Why not? The '*-list' modules are used by gettext, m4, pdf, the 'clean-temp'
module, git-merge-changelog. They clearly satisfy the gnulib entry criterion
of " "portability" and/or common files for GNU projects ". I expect the
'*-set' and '*-map' to be used in the same way.
> Maintenance and, secondarily, RAM cost.
Maintenance? For the *-list modules, there were 0 changes in 2010 so far,
3 changes in 2009, 1 in 2008, 2 in 2007. This is not a lot.
RAM cost? Do you think linking with a shared library with 100 modules costs
less RAM than having 5 of these modules linked in the executable? Also, do
you frequently run 'm4' at the same time as you view PDF files or run
'msgfmt'? I think, in the current situation, linking with a non-shared library
is still perfectly fine.
> libunistring and crypto stuff are borderline
> already (because some of the modules actually make sense in gnulib, e.g.

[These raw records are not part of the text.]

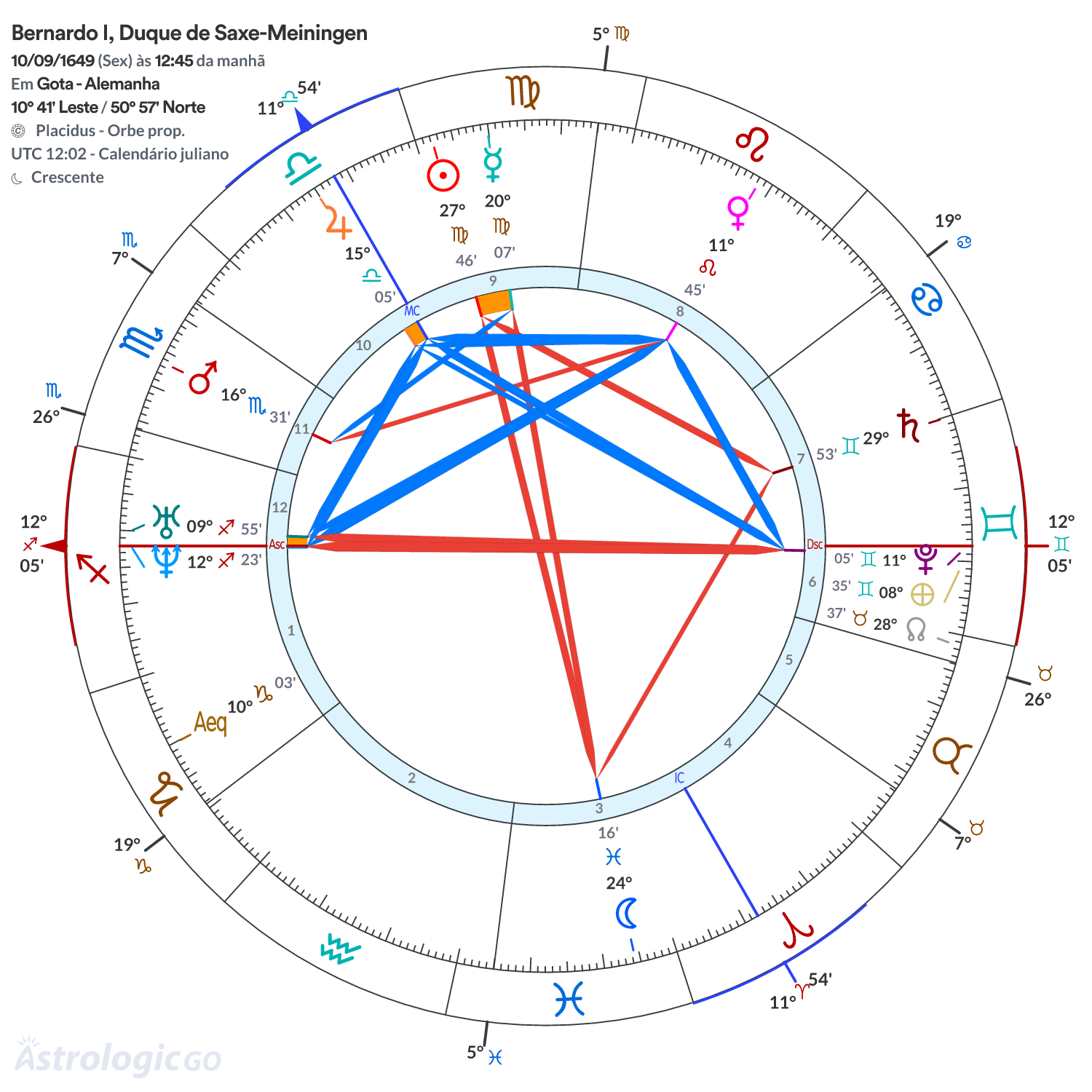 Mandala - Bernardo I, Duque de Saxe-Meiningen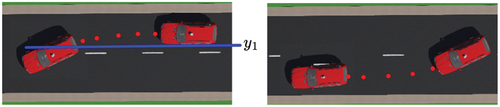 Figure 5. Sequence of movements for lane changing.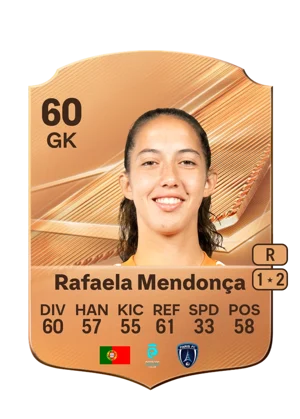 Rafaela Mendonça - 60 - Rare EA FC 27 card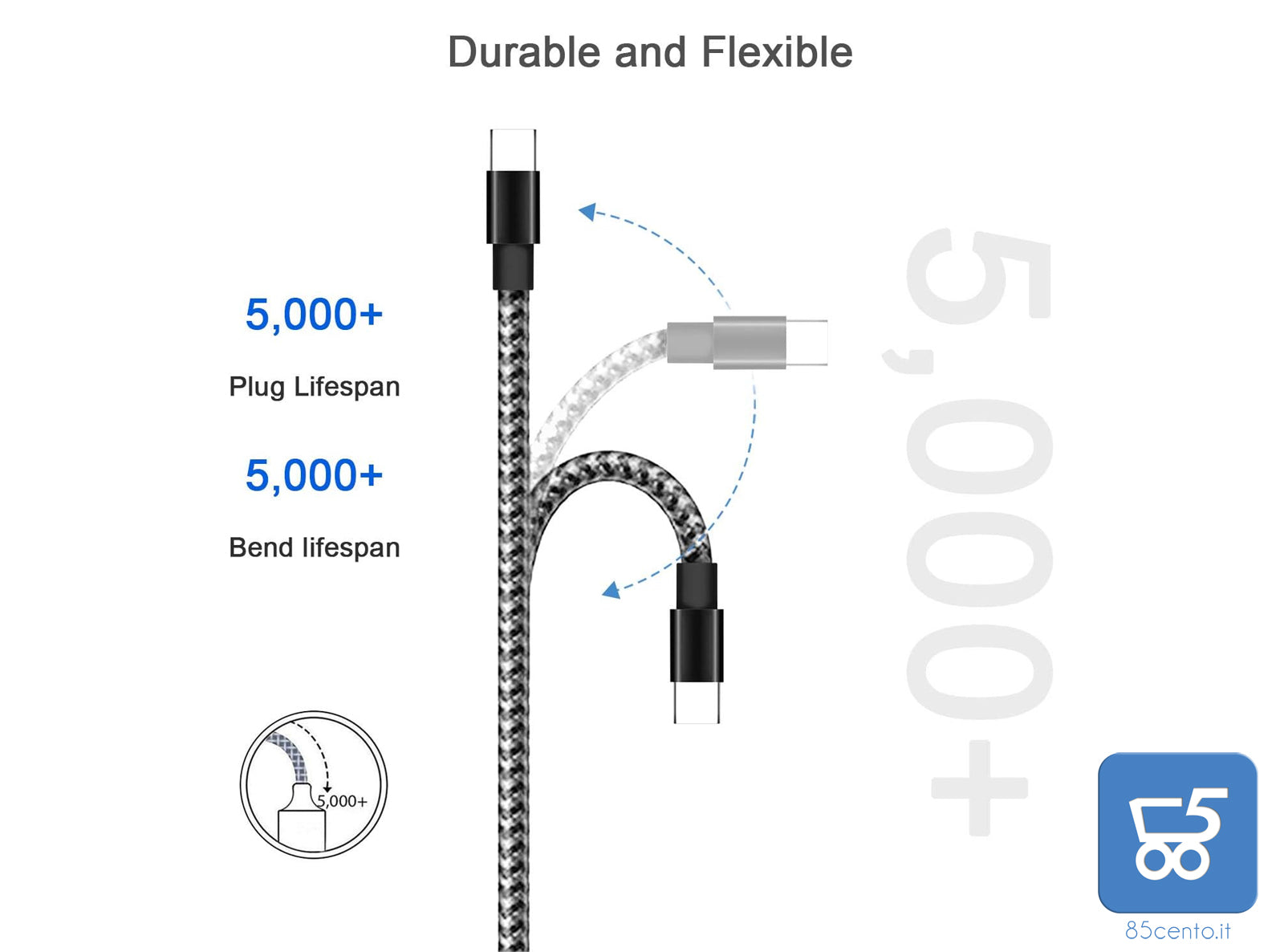 2 Cavi USB USB tipe C (1 metro + 2 metri) Fast Charge per Smartphone PC Tablet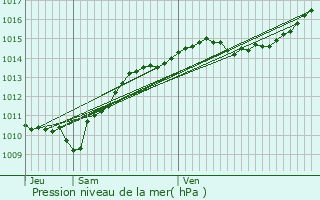 Graphe de la pression atmosphrique prvue pour Flez-Cuzy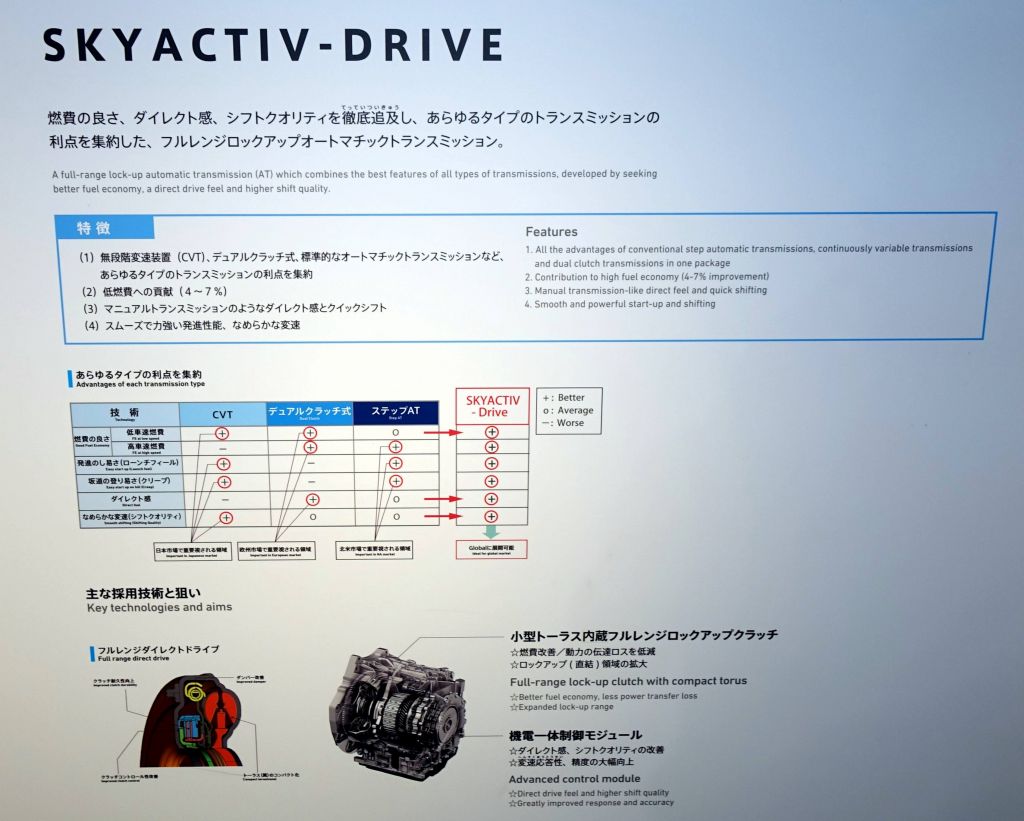 I didn't know about lock up automatic transmission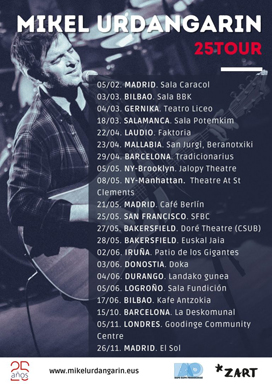 Mikel Urdangarin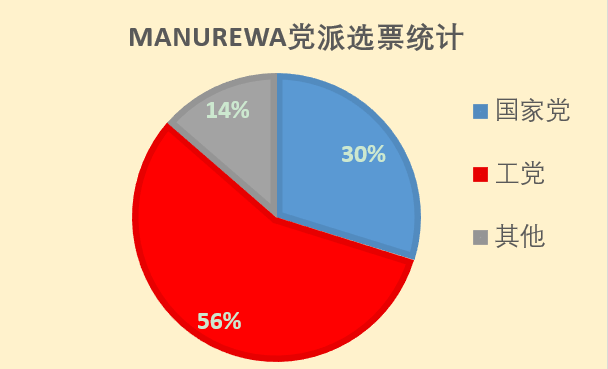 Manurewa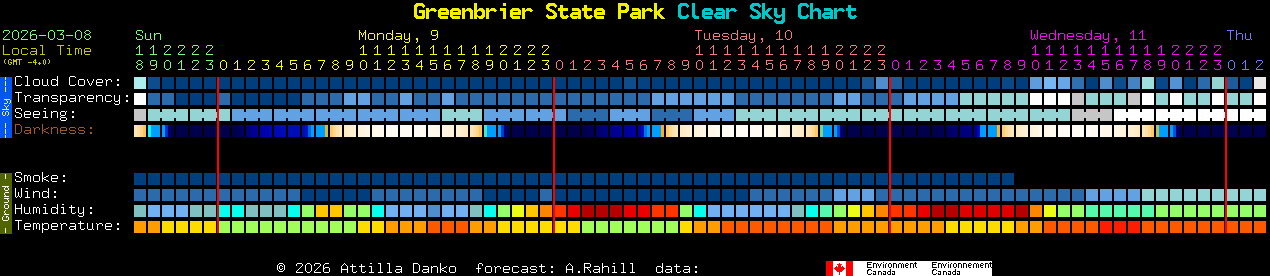 Current forecast for Greenbrier State Park Clear Sky Chart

> uniwidth and sha1), but these should be in a shared library, not a
> static one.
You have seen (on the occasion of libunistring) that when there is enough
demand for having the code in the form of a shared library, we can release
the code in this form, while still keeping it available in gnulib. For the
moment, however, no one has asked for having the '*-list' modules in a
shared library.
> In fact, glib or libnih probably provide all that you need already
Yes, there are many libraries that provide some kind of container data
structure: avl, gdsl, libast, libh, libmba, libscl, libslacj, libtc, libuniqx,
sglib, skalibs, and many others.
None of these libraries provide the containers as _abstract_ data types.
Always only concrete data types, with a different API for different list types.
Also, the reason I try not to use glib is that its error/bug handling is too
relaxed (prints a message to stderr, but no easy way to debug it), its
thread implementation is partially overkill (the condition variables, I mean),
and the autoconf macro for linking with it is non-trivial.
Also, libnih is under GPLv2, not GPLv2+.